To procrastinate further at school, I’ve decided to play Ragnarok Tactics. Yeah, it’s the time when there’s a shitload of projects and tests, plus those essays and personal activity forms I have to fill out for universities (because fucking retarded me chose to apply for engineering despite having unimpressive grades and shit work ethics), and here I am playing a recently-released PSP game. I’m not even working at that backlog of mine, haha.
Ragnarok Tactics is basically a very ordinary SRPG centered on a war between two countries. You get to create your character, who is some random mercenary belonging to a neutral “borderless” faction with cool middle aged guy Toren as your master. You meet two youngsters, belonging to the two countires in conflict, and they join you on your monster hunting adventure. After the first three battles, you go your separate ways and shit hits the fan (war breaks out). You now get to build your own army of generic classes and choose whether you want to help out Branshaldo, Aura, or Toren (neutral).
So far I beat the game twice, but due to different endings and the True Ending requirements, I’m still not done with the game. Each chapter you can choose between 3 or 4 different battles, so you can help out whatever faction you want. However, the same stuff still happens and the branching of routes happen at the end. I went for Aura first because I found Yuri to be cute (I-I like dudes who look like cute short-haired girls), but his route turned out pretty annoying with the whole “I’ll fight for my country and delude myself into thinking it’s obviously not evil” philosophy. Cynthia’s route was slightly better, but the events don’t change despite your helping in battle so you know exactly what happens, and you end up fighting for a princess that doesn’t get any development and barely any personality so you have no reason to care about her. I stayed for Cynthia because I liked her tsun moments. Next up is Toren, and I kinda saved him for last because I figured being neutral would be the most interesting and hey, he’s a cool middle aged guy. I’m not too far into his route, but I like it better so far (read: I actually manage to care about what is happening). It helps that he actually has some sort of backstory that sounds pretty plausible.

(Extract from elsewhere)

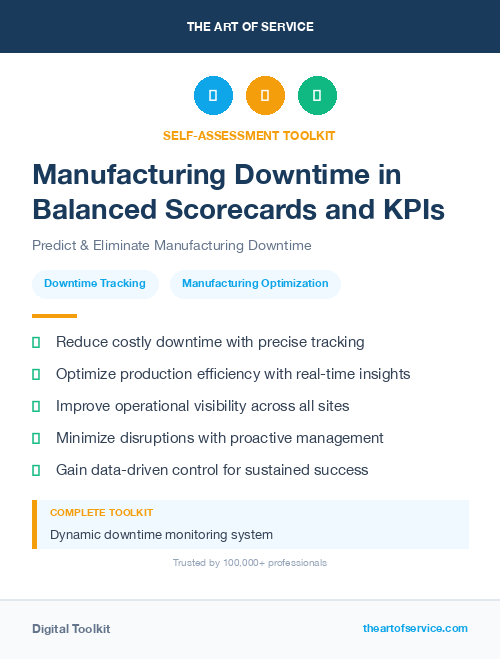 Manufacturing Downtime in Balanced Scorecards and KPIs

Plot gets pretty stale as you play further, and the characters don’t get much development or depth. The dude who rules over his country in tyranny and wants to purge the land of all members of the opposing nation (and anyone that doesn’t agree with his ways in general)? Stick in a “I’m doing all this because I have mommy issues and dead mother angst” and he gets his life spared. You can clearly tell they just stuck it in there for the sake of sticking it in there, because they put zero effort into making said revelation emotional. Both endings I’ve gotten so far are unsatisfactory, and go something along the lines of “you did all this shit in attempt to save the world, but no peace for you trolololol, enjoy being stuck in continuous conflict for what is presumably the majority of the rest of your life.” It feels like the routes just end off prematurely, like they should be the midpoint of the game but instead of getting into a plot-changing twist you get “okay that solved nothing, enjoy fighting more wars.” I’ll assume the True ending is where I’ll get my standard RPG “DEFEAT REAL BAD GUY AND EVERYONE IS FRIENDS” conclusion because I’m kinda hungry for that right now.
So yeah, the main story is pretty subpar. I liked the character interactions in the beginning, where they were just derping around on a monster hunt, but things became flat and boring when the game decides to go all SRS BSNS. The best thing narrative-wise so far are the sub-events. These things are pretty hilarious, and some of them are continuous and can give you a premature ending that you can make a clear file out of. I’m glad the sub-events are there, because they give you harder battles and more entertaining dialogue. You get a 5-episode series with a dude who falls in love with random girls and proposes to them in ways that would get him a good beating because he thinks he’s hot shit (and they end up calling security on him), a cook who can’t find inspiration and keeps telling you to grab stuff for him (it ends up with your beating him up as he spends a week making simple fried rice and not using the things you fetched for him), and a loli delivery girl who uses you as a meat shield and ends up falling for you (her subplot was probably one of the more interesting aspects, and I wished they explored it further).
Gameplay is not very outstanding, should I say. It’s basically your typical tactical RPG, except even easier. The enemy AI is so terrible it makes Luminous Arc seem hard in comparison. Nobody moves unless they get attacked, or you are in their attacking range. The classes are horribly unbalanced as well, and with the exception of High Priests (healers), they can be separated into massacre-the-map type and lag-behind-and-completely-useless type. Namely, Champions + ranged physical classes (Sniper, and Jonda to an extent. Kafras are cheap too, for something else) for the former, and everything else for the latter (mages in particular, since there’s a huge delay for using spells). Assassins are fast, but they’re pretty weak. Speed is the most important stat, and since Snipers have both speed and attack based off of dex, they are the best early-game classes. There isn’t really a reason why I should stick with this game instead of jumping to something critically-acclaimed in my backlog, but somehow I just can’t stop. The game is…so average it’s addicting? It’s pretty stress free, since I’m at the point where storyline battles no longer pose a challenge to me, but I can still easily level champions due to their broken skill than can pretty much wipe the map.